Decide Whether to Run Another S3VS Iteration

Description

looprun evaluates simple stopping criteria for the S3VS procedure and returns an indicator of whether one more iteration should be executed.

Usage

looprun(varsselected, varsleft, max_nocollect, m, nskip)

Arguments

varsselected

Character vector with names of predictors selected so far. Only its length is used; NULL is treated as length 0.

varsleft

Character vector with names of candidate predictors that remain available for selection in future iterations.

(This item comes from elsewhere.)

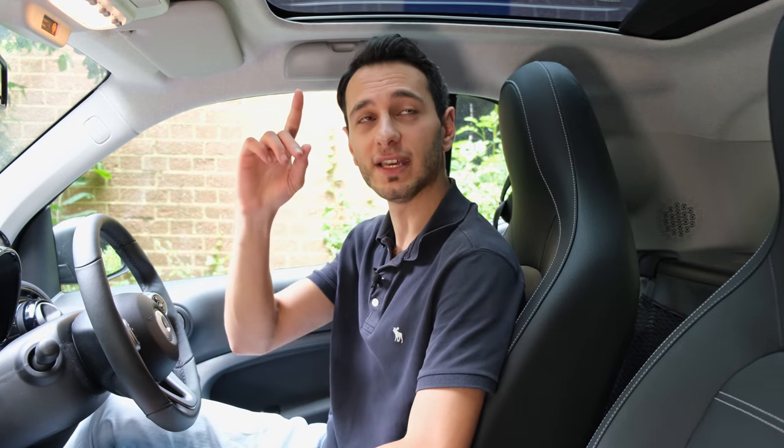If you own the Smart EQ 4.2 or were thinking of it, let me know in the comments where your decision is, or why you went for this vehicle. If you liked this video, give it a like and subscribe and hit that bell notification. I've been Chris from Totally EV — take care of yourselves and goodbye.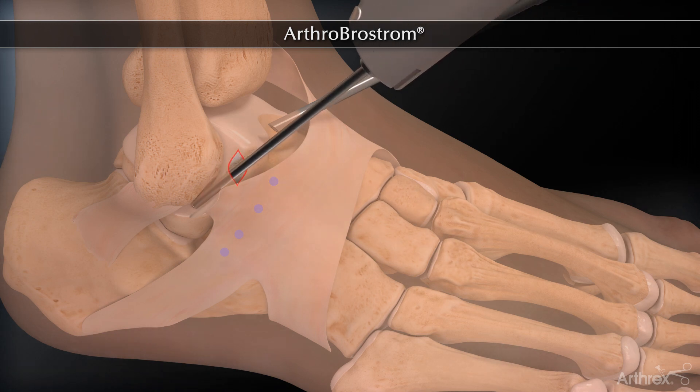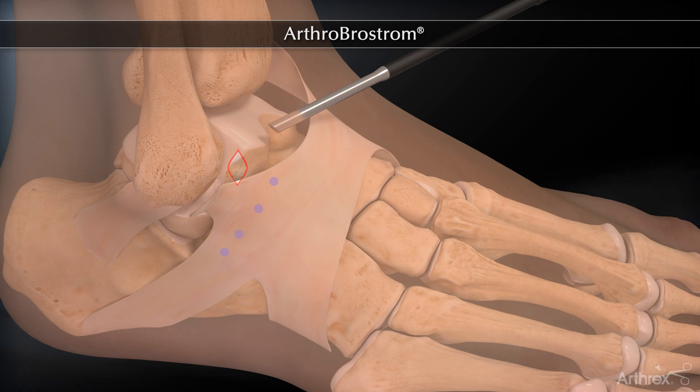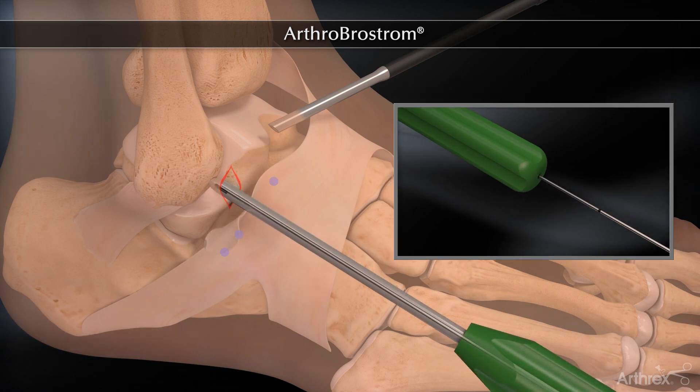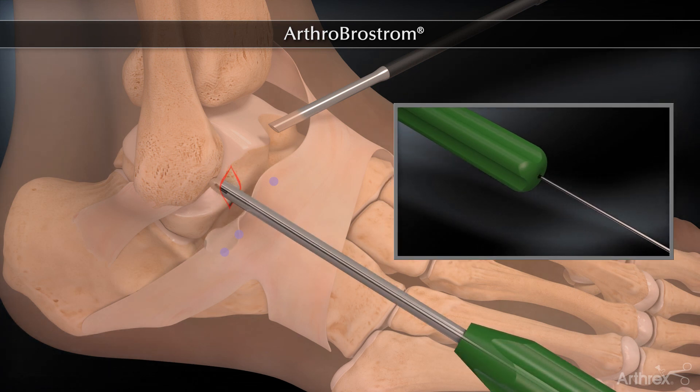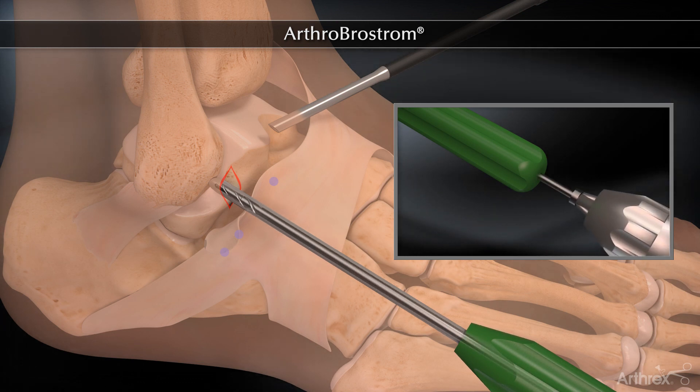Debridement of the lateral gutter is performed using an arthroscopic shaver. The site of the first anchor is located 1 cm proximal to the distal tip of the fibula. The preloaded 3.0 mm biocomposite suture tack anchor is pre-drilled and inserted through the guide.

Only its length is used; NULL is treated as length 0.

max_nocollect

Integer count of iterations up to now in which no new predictors were selected.

m

Maximum allowed number of selected predictors (target cap for length(varsselected)).

nskip

Maximum allowed number of "no-collection" iterations before stopping.

Details

An additional S3VS iteration is recommended iff all three conditions hold:

|\texttt{varsselected}| < m,

|\texttt{varsleft}| > 0,

\texttt{max\_nocollect} < \texttt{nskip}.

Value

1 if another iteration should run, 0 otherwise.

Author(s)

Nilotpal Sanyal <nsanyal@utep.edu>, Padmore N. Prempeh <pprempeh@albany.edu>

Examples

looprun(varsselected = c("x1","x2","x3"),
        varsleft     = paste0("x", 4:23),
        max_nocollect = 0,
        m = 10,
        nskip = 2)

Prediction Using S3VS-Selected Predictors

Description

pred_S3VS performs prediction using predictors selected by S3VS in linear, generalized linear, and survival models.

Usage

pred_S3VS(y, X, family, surv_model = NULL, method)

Arguments

y

Response. If family = "normal", a numeric vector. If family = "binomial", a numeric/integer/logical vector with values in {0,1}. If family = "survival", a list with components time and status (1 = event, 0 = censored).

X

Predictor matrix. This should include predictors selected by S3VS. Can be a base matrix or something as.matrix() can coerce. No missing values are allowed.

family

Model family; one of c("normal","binomial","survival"). Determines which engine is called (pred_LM, pred_GLM, or pred_SURV).

surv_model

Character string specifying the survival model (family="survival" only). Must be explicitly provided; there is no default. Values are "Cox" for proportional hazards models, "AFT" for accelerated failure time models.

method

Character string indicating the prediction method used. Allowed values depend on family: for family = "normal"(functions pred_S3VS_LM), available options are "NLP", "LASSO", "SCAD", "MCP"; for "binomial" (S3VS_GLM), available options are "NLP", "LASSO"; for family = "survival" (S3VS_SURV), available options are "COXGLMNET" for surv_model = "COX" and .... for surv_model = "AFT". See Details for more information.

Value

A list containing:

y.pred

Predicted response

coef

Coefficient estimates of the predictors used for prediction

Author(s)

Nilotpal Sanyal <nsanyal@utep.edu>, Padmore N. Prempeh <pprempeh@albany.edu>

See Also

pred_S3VS_LM, pred_S3VS_GLM, pred_S3VS_SURV

Examples

# Simulate continuous data
set.seed(123)
n <- 100
p <- 150
X <- matrix(rnorm(n * p), n, p)
colnames(X) <- paste0("V", 1:p)
y <- X[,1] + 0.5 * X[,2] + rnorm(n)
# Run S3VS for LM
res_lm <- S3VS(y = y, X = X, family = "normal",
               method_xy = "topk", param_xy = list(k=1),
               method_xx = "topk", param_xx = list(k=3),
               vsel_method = "LASSO", method_sel = "conservative", 
               method_rem = "conservative_begin", rem_regout = FALSE, 
               m = 100, nskip = 3, verbose = TRUE, seed = 123)
pred_lm <- pred_S3VS(y = y, X = X[,res_lm$selected], family = "normal", method = "LASSO")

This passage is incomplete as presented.